Work required
Where a line in the material below has the string "Quote", please report it.

Supplied records

##########

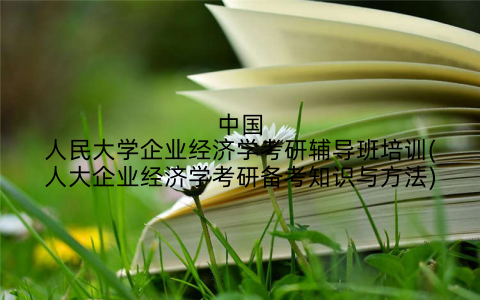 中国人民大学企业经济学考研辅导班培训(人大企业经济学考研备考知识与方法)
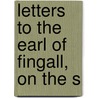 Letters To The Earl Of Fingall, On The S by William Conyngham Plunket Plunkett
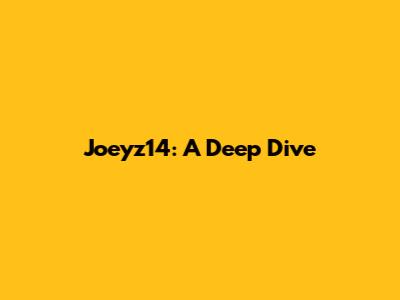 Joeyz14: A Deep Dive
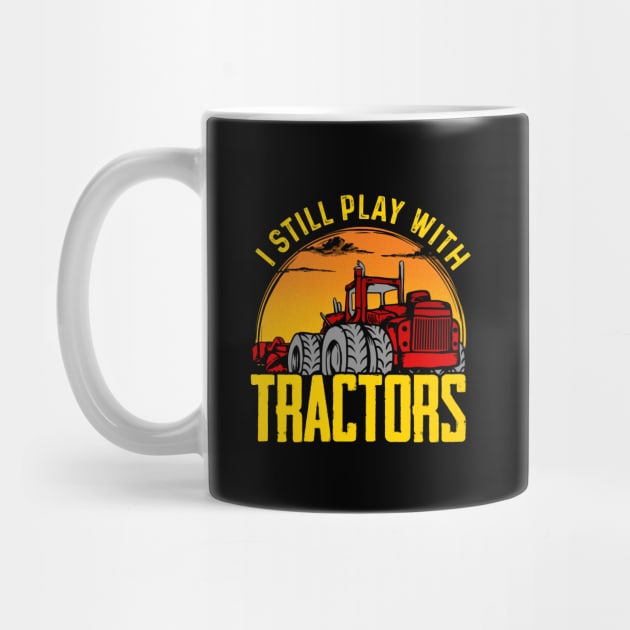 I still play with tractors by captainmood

##########

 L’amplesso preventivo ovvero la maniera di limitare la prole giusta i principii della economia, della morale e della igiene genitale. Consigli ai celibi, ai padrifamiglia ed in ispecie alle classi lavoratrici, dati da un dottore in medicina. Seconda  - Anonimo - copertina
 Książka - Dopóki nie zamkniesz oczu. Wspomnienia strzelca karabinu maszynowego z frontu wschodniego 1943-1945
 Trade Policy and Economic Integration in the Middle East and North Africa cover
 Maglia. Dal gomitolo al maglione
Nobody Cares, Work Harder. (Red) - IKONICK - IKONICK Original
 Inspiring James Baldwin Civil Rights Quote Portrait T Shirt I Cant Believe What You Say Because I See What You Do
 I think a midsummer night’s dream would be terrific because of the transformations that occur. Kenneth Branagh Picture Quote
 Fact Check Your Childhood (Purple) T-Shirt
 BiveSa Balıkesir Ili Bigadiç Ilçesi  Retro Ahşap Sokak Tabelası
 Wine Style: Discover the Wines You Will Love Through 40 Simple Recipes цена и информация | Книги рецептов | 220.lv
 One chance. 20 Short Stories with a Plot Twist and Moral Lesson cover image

##########

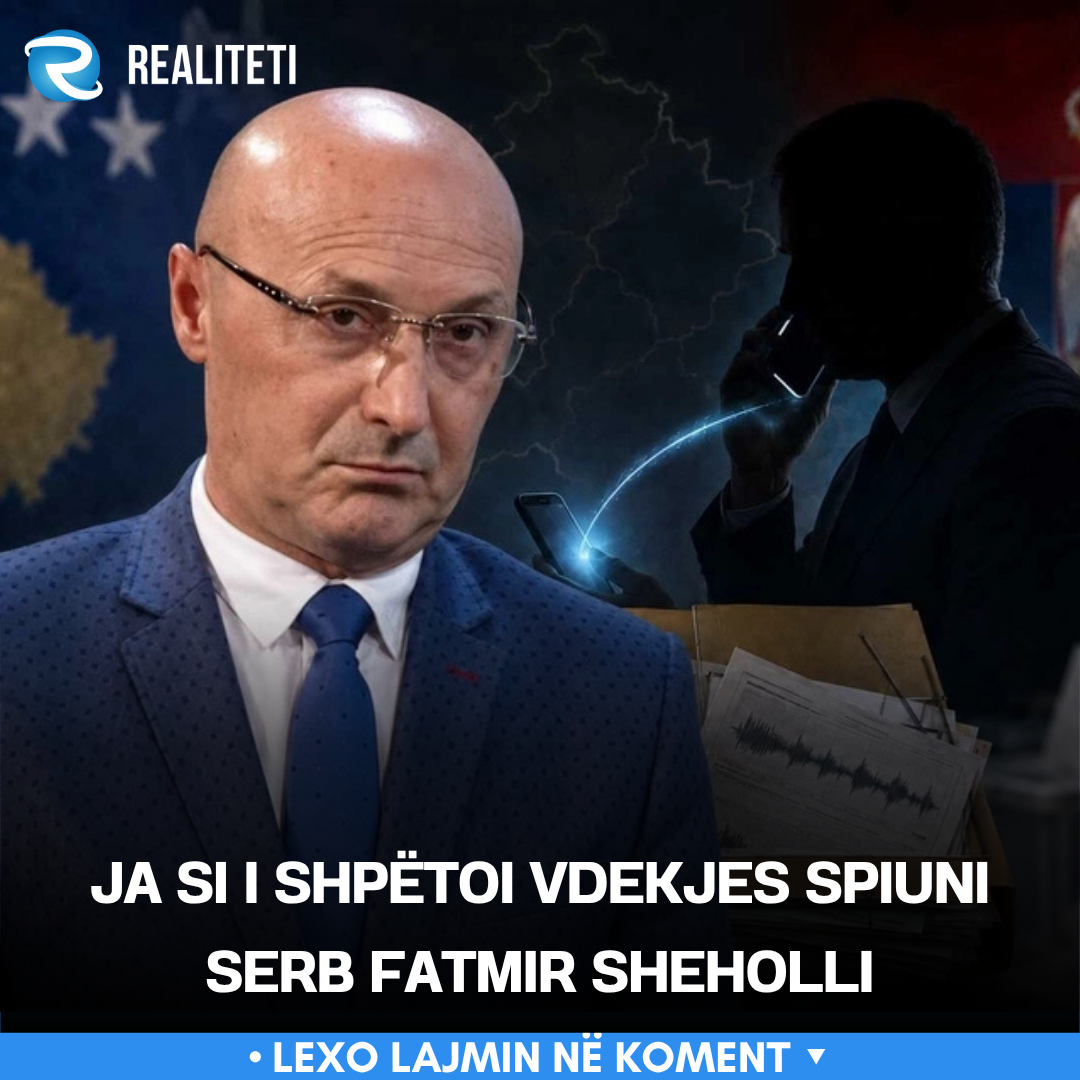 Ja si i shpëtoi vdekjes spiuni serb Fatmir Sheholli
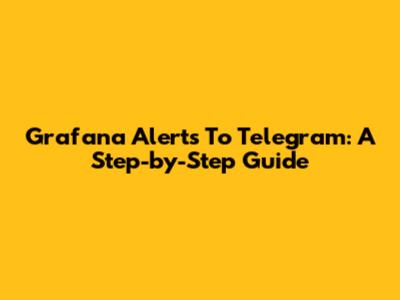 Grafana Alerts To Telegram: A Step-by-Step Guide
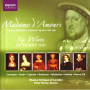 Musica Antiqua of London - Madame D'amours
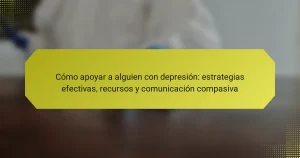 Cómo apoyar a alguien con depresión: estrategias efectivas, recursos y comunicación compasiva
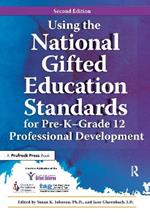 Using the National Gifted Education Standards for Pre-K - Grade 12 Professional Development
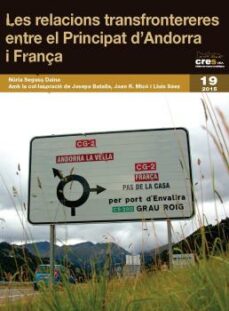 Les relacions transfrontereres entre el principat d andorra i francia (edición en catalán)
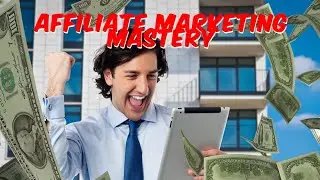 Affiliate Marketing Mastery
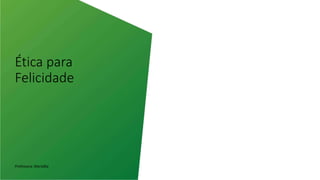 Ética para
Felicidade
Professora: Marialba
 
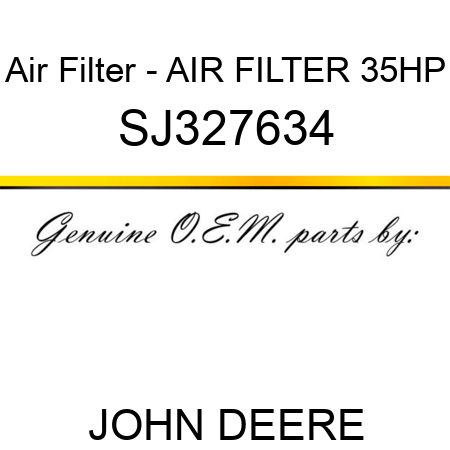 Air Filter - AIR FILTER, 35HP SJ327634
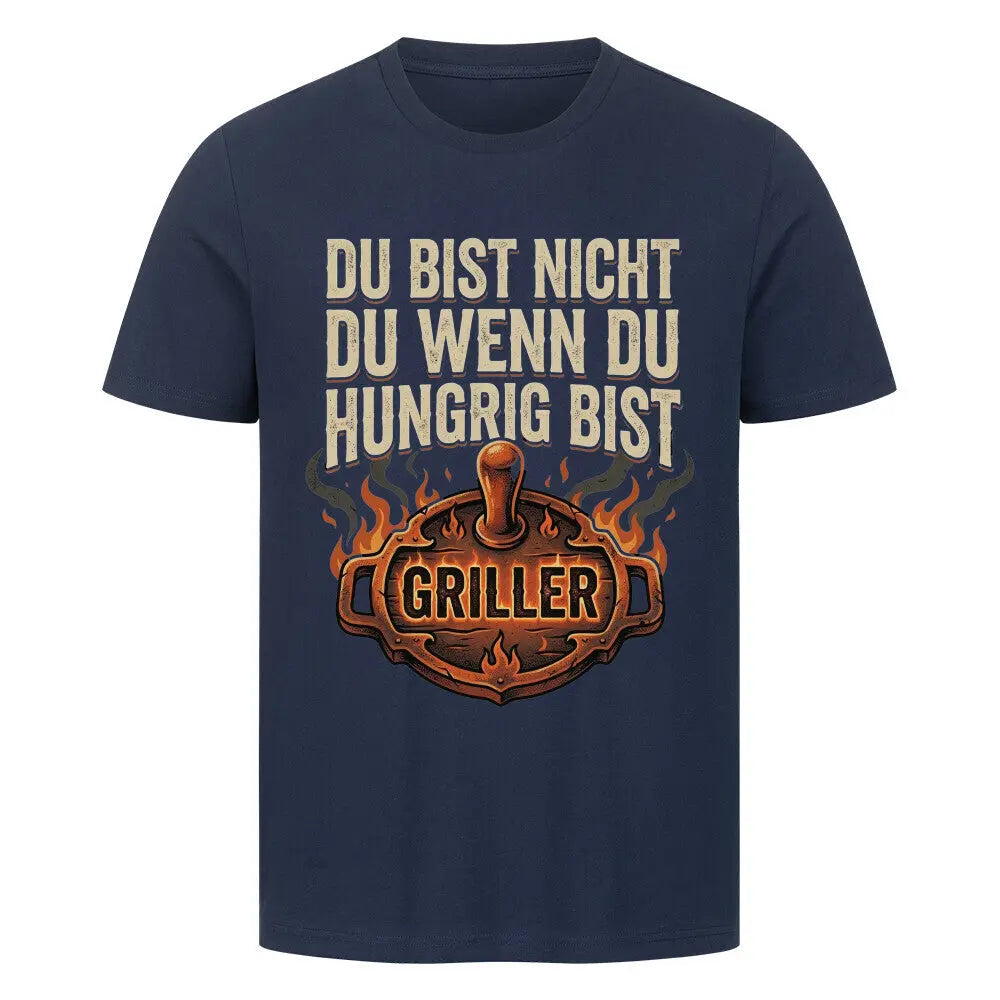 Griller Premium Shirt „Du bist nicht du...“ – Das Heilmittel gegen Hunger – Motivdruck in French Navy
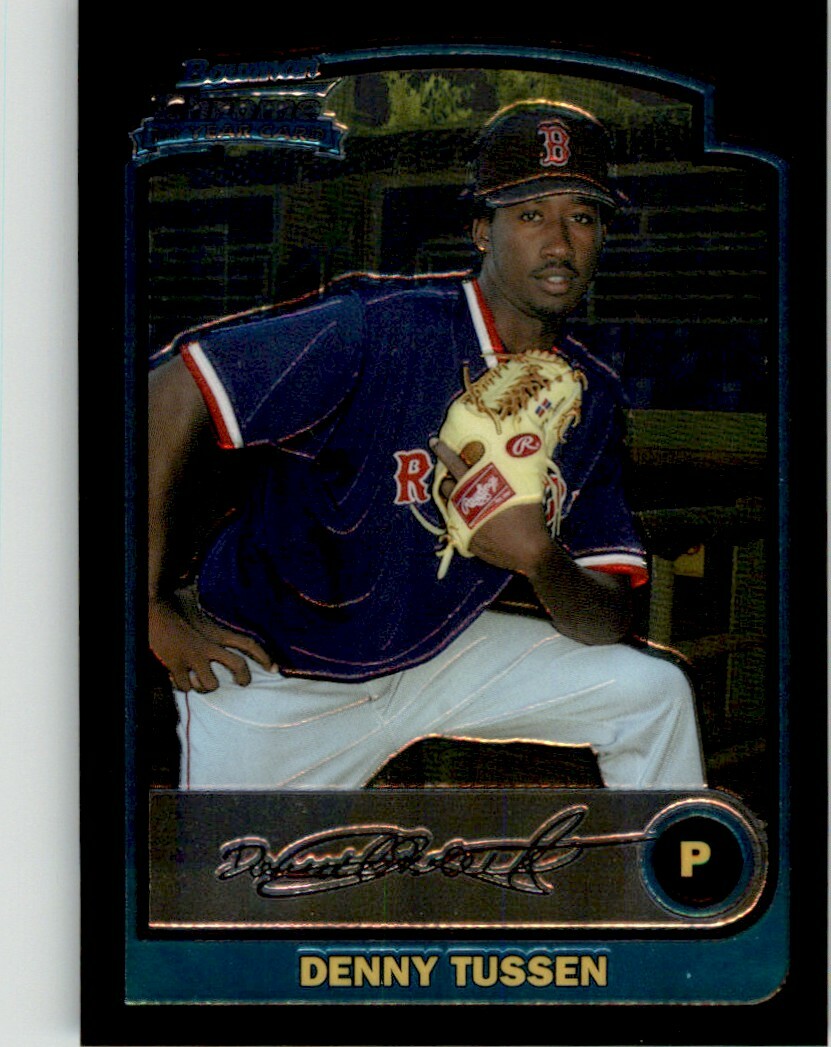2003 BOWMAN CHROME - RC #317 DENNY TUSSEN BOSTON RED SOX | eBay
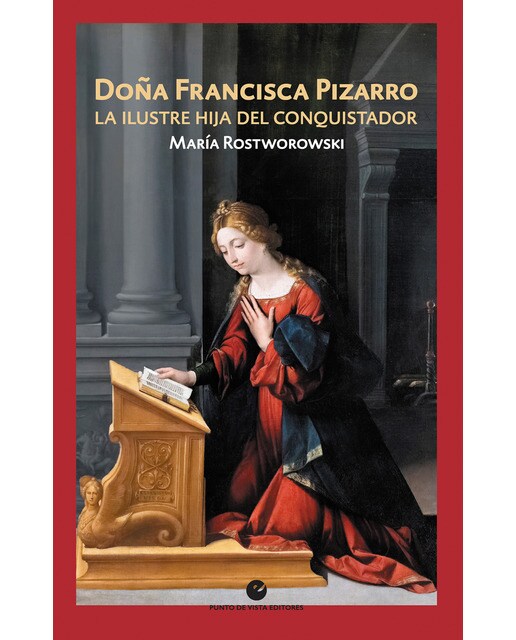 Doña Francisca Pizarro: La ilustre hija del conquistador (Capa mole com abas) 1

##########

Task response
 Inspiring James Baldwin Civil Rights Quote Portrait T Shirt I Cant Believe What You Say Because I See What You Do
 I think a midsummer night’s dream would be terrific because of the transformations that occur. Kenneth Branagh Picture Quote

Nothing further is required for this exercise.